The findings of the present study show that this new expansion screw produces sufficient skeletal expansion, which affects the nasomaxillary complex and results in a significant reduction in NAR, equal to the effects of conventional RME expanders (Doruk et al., 2004; Compadretti et al., 2006a; Enoki et al., 2006). RME appliances expand the narrowed maxillary arches in a transverse direction by rapid separation of the mid-palatal suture and concomitantly splitting of the maxillary halves (Haas, 1965; Wertz, 1970).

The maxilla is the largest bone of the face and forms most of the lateral walls of the nasal cavity (Fingeroth 1991). Application of RME results in considerable changes in the nasomaxillary complex (Haas, 1961, 1965; Wertz, 1970). Traditionally, the possible influence of basal maxillary expansion on nasal volume and airflow was based on concomitant transverse expansion of nasal cavity (Haas, 1961; Wertz, 1968; Iseri et al., 1998).

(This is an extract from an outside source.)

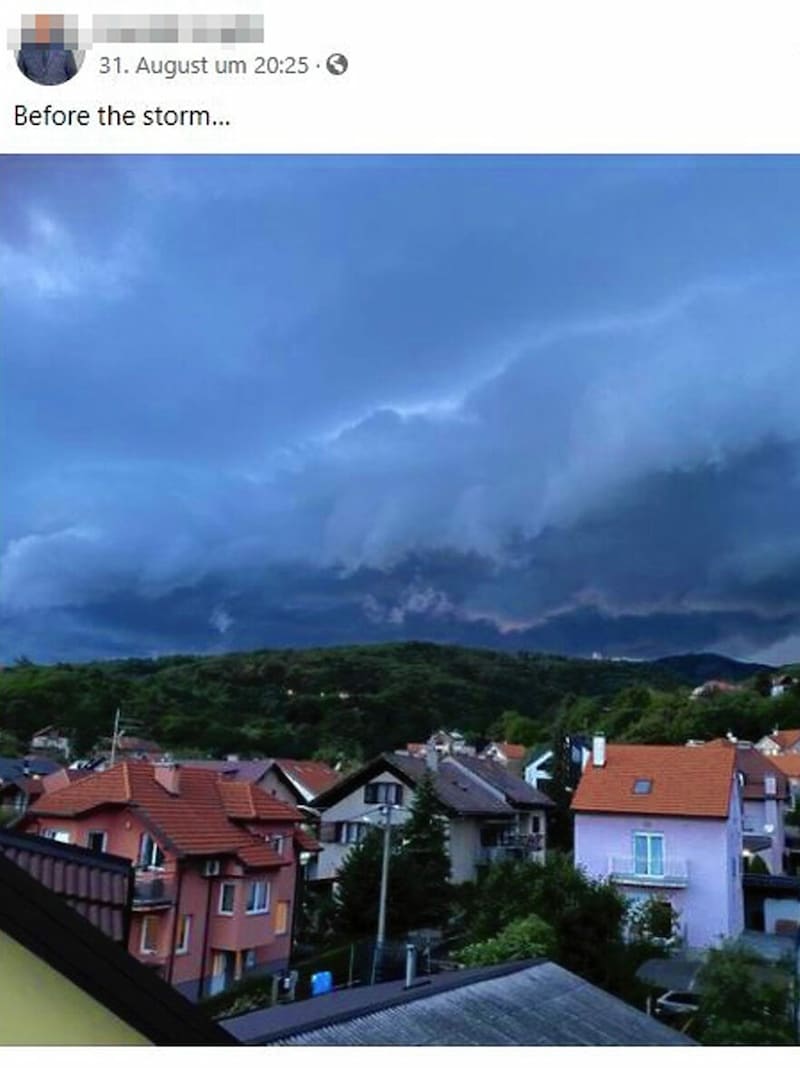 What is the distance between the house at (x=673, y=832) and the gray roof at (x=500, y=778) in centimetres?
20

Widening of the nasal cavity increases nasal volume and the cross-sectional area of the nasal passage (Hershey et al., 1976; Warren et al., 1987; Doruk et al., 2004, 2007; Kilic and Oktay, 2008; Oliveira De Felippe et al., 2008) facilitating breathing.

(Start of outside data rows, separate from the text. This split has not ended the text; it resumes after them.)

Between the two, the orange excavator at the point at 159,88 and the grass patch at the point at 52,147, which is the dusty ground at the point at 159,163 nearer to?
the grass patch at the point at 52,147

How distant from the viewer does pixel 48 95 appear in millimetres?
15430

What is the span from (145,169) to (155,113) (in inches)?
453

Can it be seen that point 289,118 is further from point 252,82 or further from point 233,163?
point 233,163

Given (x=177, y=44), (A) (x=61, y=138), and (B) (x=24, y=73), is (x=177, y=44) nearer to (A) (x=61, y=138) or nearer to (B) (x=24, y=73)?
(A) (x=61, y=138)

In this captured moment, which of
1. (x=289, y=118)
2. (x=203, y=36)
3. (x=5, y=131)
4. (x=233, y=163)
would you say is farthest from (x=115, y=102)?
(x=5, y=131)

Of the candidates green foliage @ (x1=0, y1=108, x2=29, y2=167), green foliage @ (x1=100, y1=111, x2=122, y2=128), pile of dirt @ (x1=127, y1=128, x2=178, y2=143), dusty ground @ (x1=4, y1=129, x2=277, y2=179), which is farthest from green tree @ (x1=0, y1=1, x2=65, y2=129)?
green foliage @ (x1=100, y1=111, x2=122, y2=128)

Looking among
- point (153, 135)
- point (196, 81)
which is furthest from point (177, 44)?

Numerous studies have investigated the changes in nasal airflow caused by RME. White et al. (1989), Timms (1986), Hartgerink et al. (1987), Hershey et al. (1976), and Doruk et al. (2004) clearly showed that NAR significantly decreased after RME. These findings were also supported by clinical studies of the effects of RME on nasal volume (Babacan et al., 2006; Compadretti et al., 2006b; Doruk et al., 2007) and cross-sectional area (Iseri et al., 1998; Bicakci et al., 2005).

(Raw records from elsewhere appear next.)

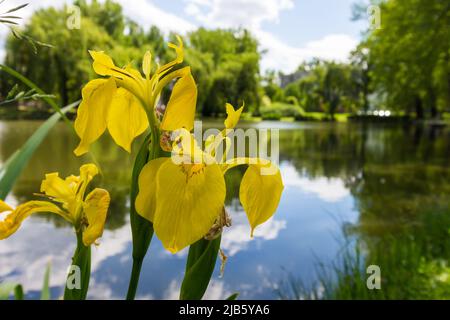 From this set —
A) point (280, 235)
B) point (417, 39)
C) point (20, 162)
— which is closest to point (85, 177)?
point (20, 162)

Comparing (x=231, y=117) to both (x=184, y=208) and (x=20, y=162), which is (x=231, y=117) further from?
(x=20, y=162)

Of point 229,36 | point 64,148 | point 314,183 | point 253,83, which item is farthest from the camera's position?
point 229,36

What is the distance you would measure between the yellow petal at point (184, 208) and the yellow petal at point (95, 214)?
7 centimetres

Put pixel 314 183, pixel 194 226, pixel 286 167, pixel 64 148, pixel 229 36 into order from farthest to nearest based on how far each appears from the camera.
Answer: pixel 229 36 → pixel 64 148 → pixel 286 167 → pixel 314 183 → pixel 194 226

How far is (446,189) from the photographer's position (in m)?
5.52

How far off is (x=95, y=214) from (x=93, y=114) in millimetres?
79

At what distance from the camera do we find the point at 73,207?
365 millimetres

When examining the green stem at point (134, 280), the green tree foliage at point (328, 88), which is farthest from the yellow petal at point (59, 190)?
the green tree foliage at point (328, 88)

Enoki et al. (2006), in an evaluation of 29 children with oral and/or mixed breathing who underwent RME therapy, showed a statically significant reduction in NAR, although no significant changes in the minimal cross-sectional area at the level of the valve and inferior nasal turbinate. Compadretti et al. (2006a) evaluated geometric changes of the nose after RME and assessed the possible effects of this procedure on nasal airway size by means of acoustic rhinometry. Those authors observed a satisfactory transverse expansion of the maxilla and a significant increase in nasal volume. Oliveira De Felippe et al. (2008) conducted a study to assess the short- and long-term effects of RME on the morphology of the maxillary dental arch, nasal cavity dimensions, and NAR by means of three-dimensional imaging and acoustic rhinometry. They found that RME produced an increase in palatal area, nasal volume, and intermolar distance and a reduction of NAR with improvement in nasal respiration after the active phase of RME in 61.3 per cent of 38 subjects.

Rhinomanometric results should be interpreted with care. While special attention was given to the NAR measurements and the mean values used in the statistical analyses were computed from four repeated records, the results obtained in the present study might have been influenced by small growth changes, although any growth that occurred during a period of 6 months would be negligible.

Conclusions

RME carried out with the memory palatal split screw produced significant expansion in interpremolar and intermolar distances and considerable effects on NAR. Further investigations with a larger sample size should be performed to confirm the results of the present study.